Sanığın alkollü birşekilde sokak ortasında katılana hitaben “Kadriye çık dışarıya seni öldüreceğim, gece evine girip sana tecavüz edeceğim” şeklinde sözler söylediği, böylece sanığın tehdit suçunu işlediğinin iddia edildiği olayda, şikayetçi beyanı, görgüye dayalı tanık beyanları ile tüm dosya kapsamına göre suçun sanık tarafından işlendiğine yönelik mahkemenin kabulünde bir isabetsizlik görülmemiştir.
Denetim süresi içerisinde kasten yeni bir suç işlediği anlaşılan sanık hakkındaki hükmün açıklanması ile yetinilmesi yerine, CMK’nın 231/11. maddesinin 2. cümlesinde tanımlanan hükme uymayacak biçimde, açıklanması geri bırakılan hükümdeki cezanın paraya çevrilmesine karar verilmesi ve 5271 sayılı CMK’nın 191/1. maddesine aykırı olarak iddianamenin kabulü kararı okunmadan duruşmanın açılıp sanığın sorgusunun yapılması aleyhe temyiz olmadığından bozma sebebi yapılmamıştır.

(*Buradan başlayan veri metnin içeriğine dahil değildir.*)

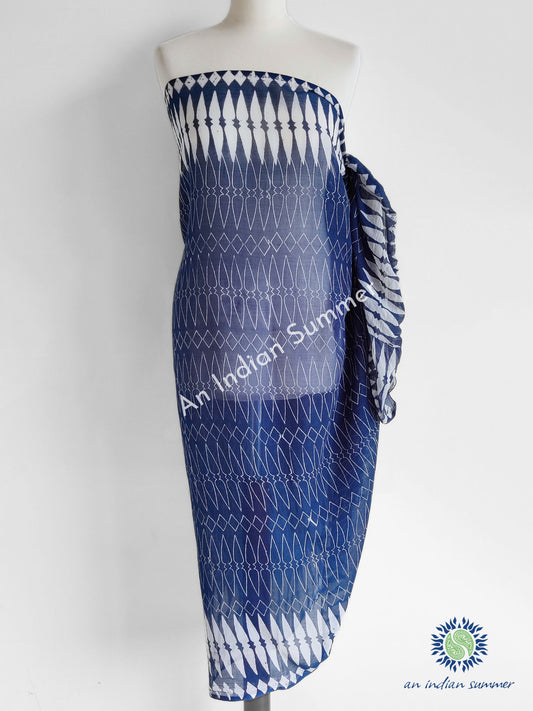 Tring Sarong Pareo | Indigo Natural Dye | Hand Block Printed | Soft Cotton Voile | An Indian Summer | Resortwear Swimwear Beachwear | Seasonless Timeless Sustainable Ethical Authentic Artisan Conscious Clothing Lifestyle Brand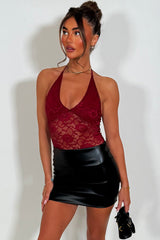 lace faux leather halter christmas party dress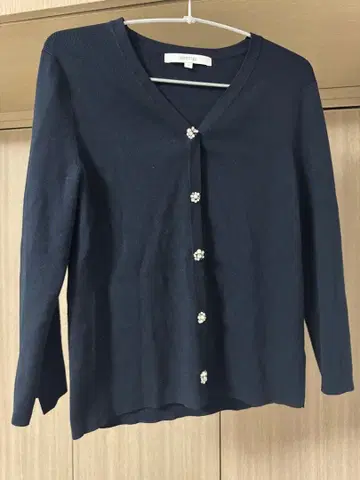 [ 새상품급 ] UNTITLED 언타이틀 비쥬 가디건 네이비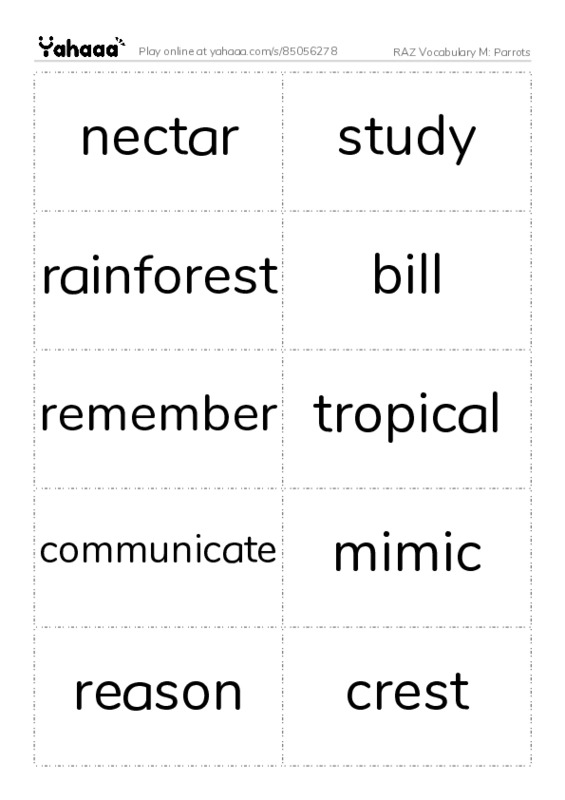RAZ Vocabulary M: Parrots PDF two columns flashcards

Yapılan yargılamaya, toplanıp karar yerinde gösterilen delillere, mahkemenin kovuşturma sonuçlarına uygun olarak oluşan kanaat ve takdirine, incelenen dosya kapsamına göre, sanığın temyiz itirazlarının reddiyle hükmün ONANMASINA, 17/06/2015 tarihinde oy birliğiyle karar verildi.